### [The problem]
Copy every entry below verbatim, except for images.

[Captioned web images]

···

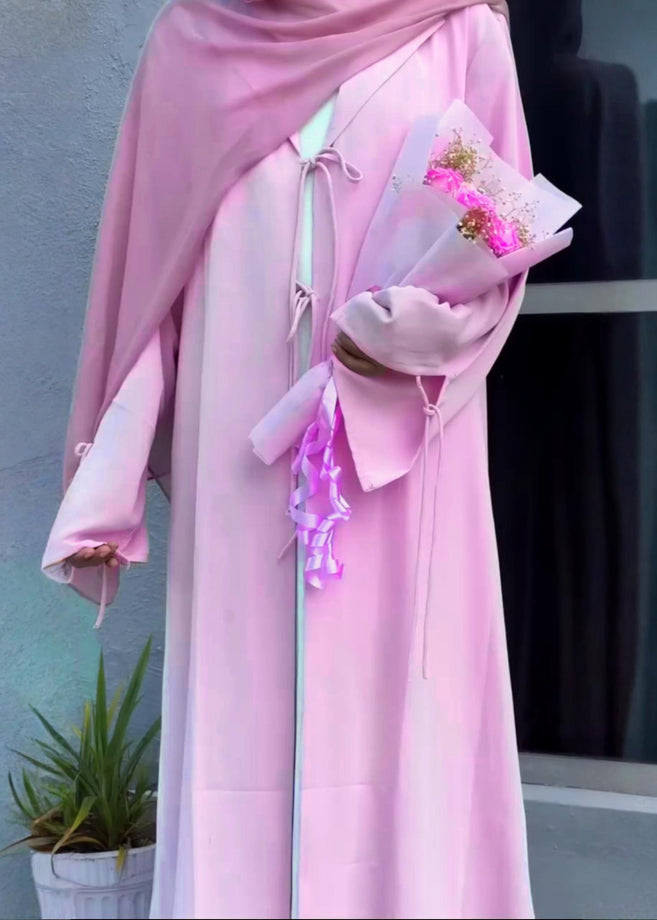 AIMAN DOUBLE SHRUG ABAYA - PINK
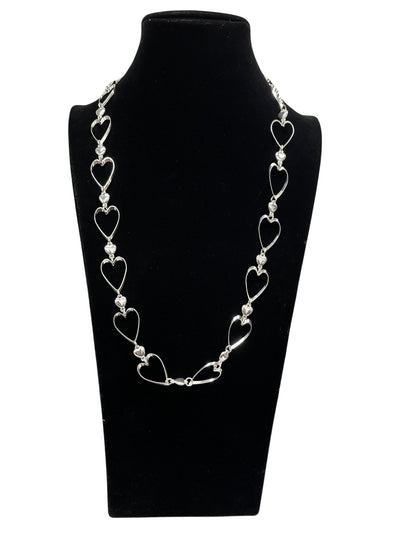 Silver Heart Statement Necklace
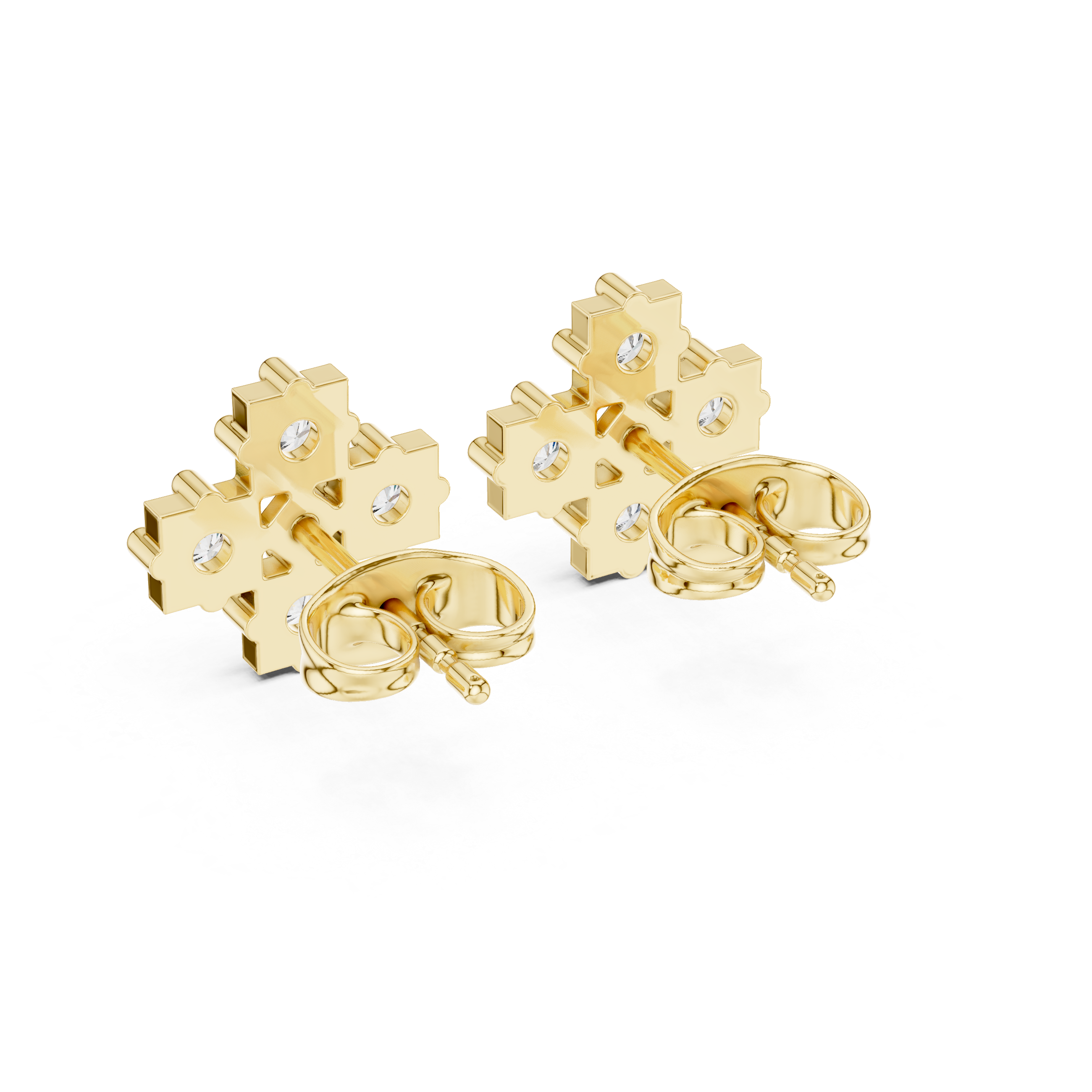 Round Diamond Cluster Cross Motif Geometric Stud Earrings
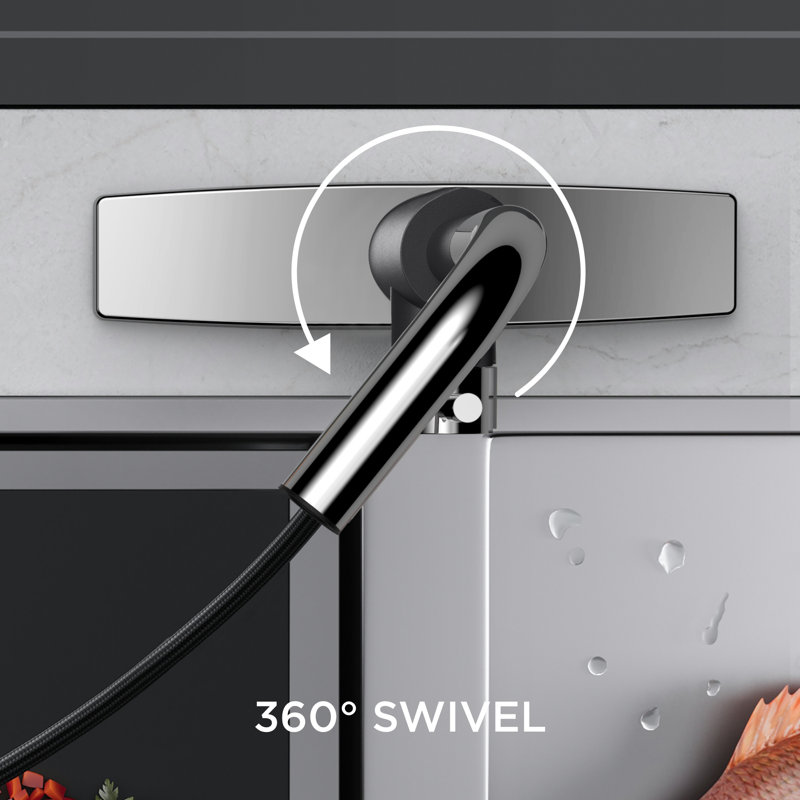 Pull Down Spray Single Lever Kitchen Tap, Chrome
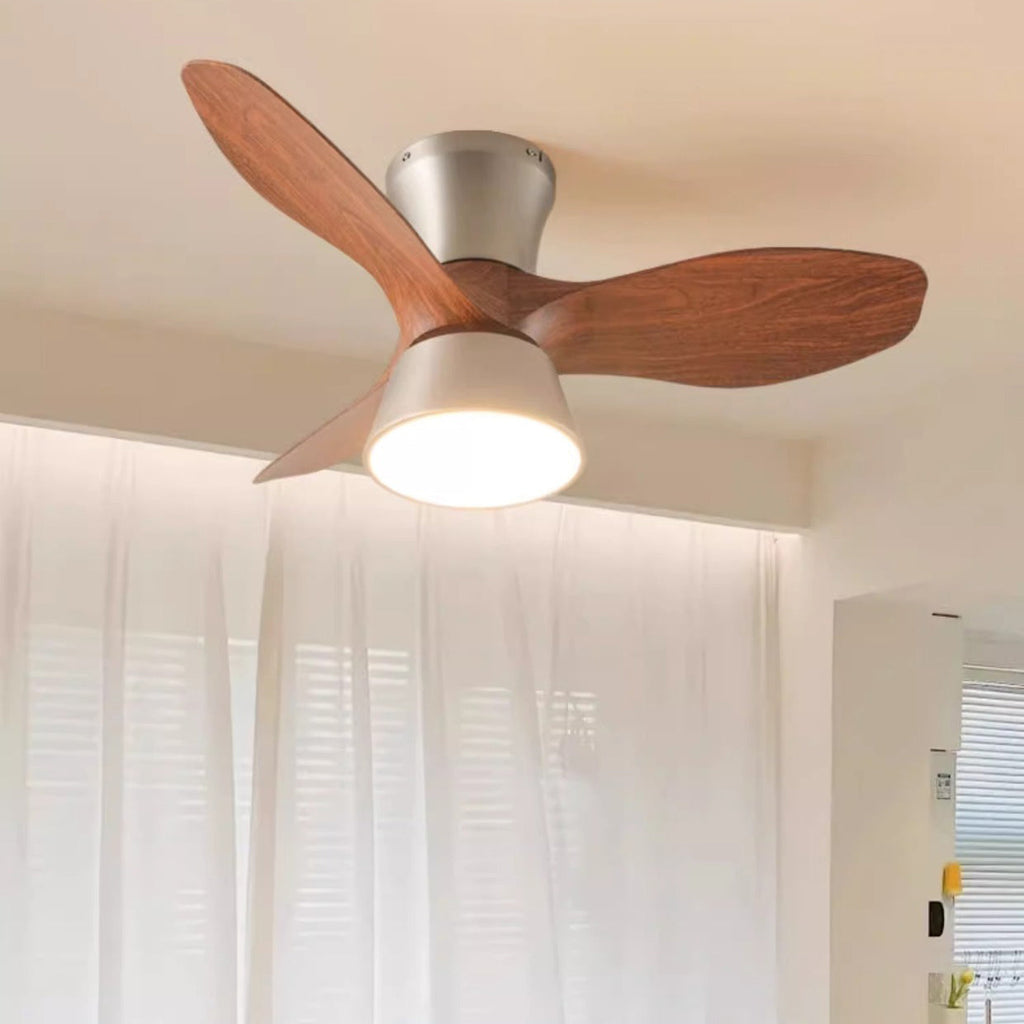 Modern Mid-Century Round LED Ceiling Fan Light - Iron & Acrylic for Living Room & Bedroom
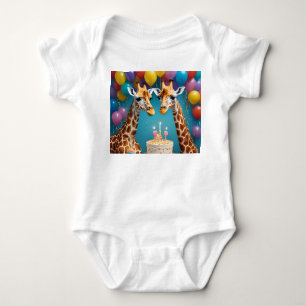 Giraffe Birthday Party With Balloons Cake, Baby Bodysuit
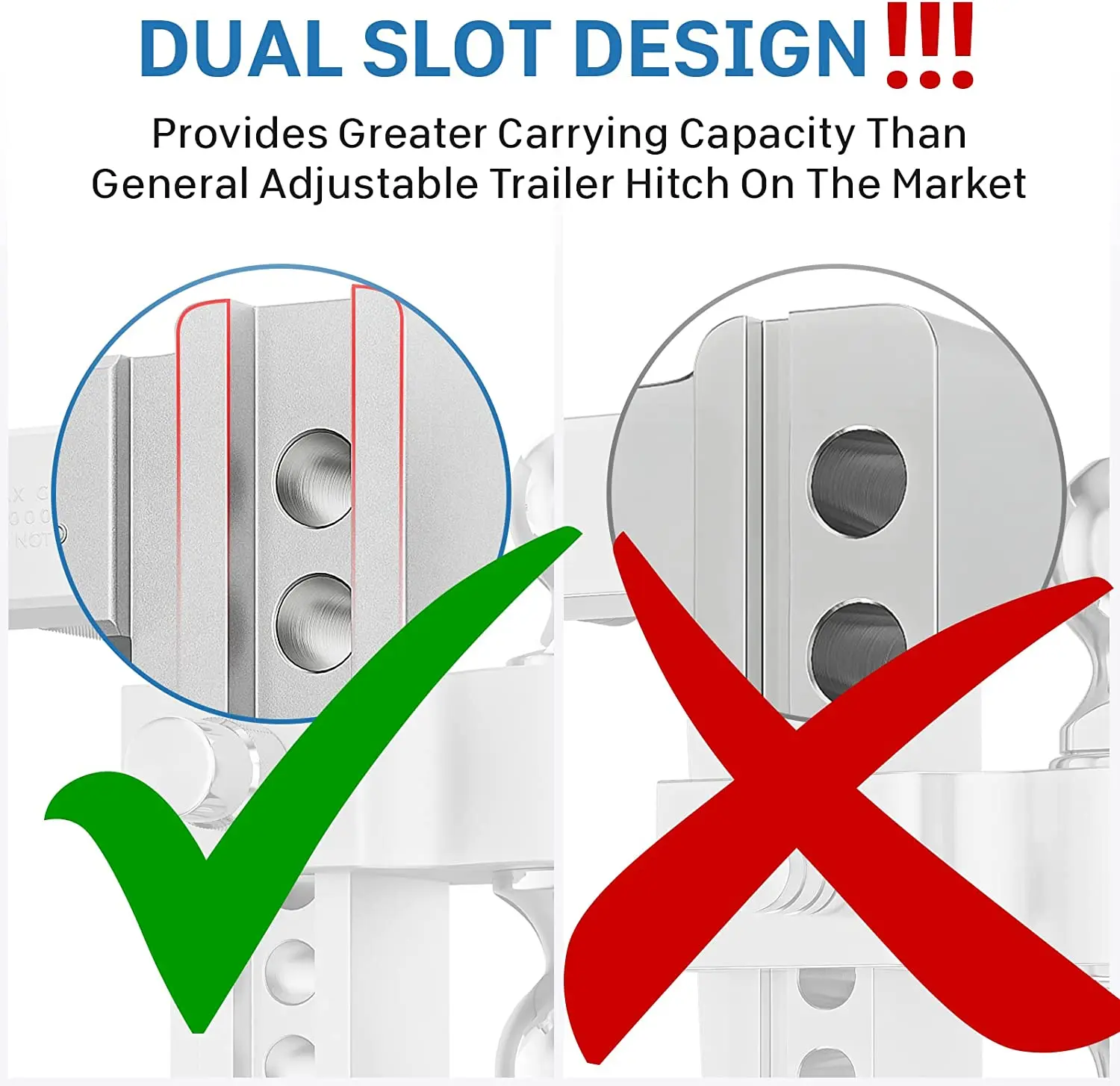 Premium Aluminum Tow Hitch with Double Anti-Theft Pins Locks Adjustable Trailer Hitch Solid Ball Mount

···

### [Task answer]
 AIMAN DOUBLE SHRUG ABAYA - PINK
 Silver Heart Statement Necklace
 Round Diamond Cluster Cross Motif Geometric Stud Earrings
 Pull Down Spray Single Lever Kitchen Tap, Chrome
 Modern Mid-Century Round LED Ceiling Fan Light - Iron & Acrylic for Living Room & Bedroom
 Giraffe Birthday Party With Balloons Cake, Baby Bodysuit
 Premium Aluminum Tow Hitch with Double Anti-Theft Pins Locks Adjustable Trailer Hitch Solid Ball Mount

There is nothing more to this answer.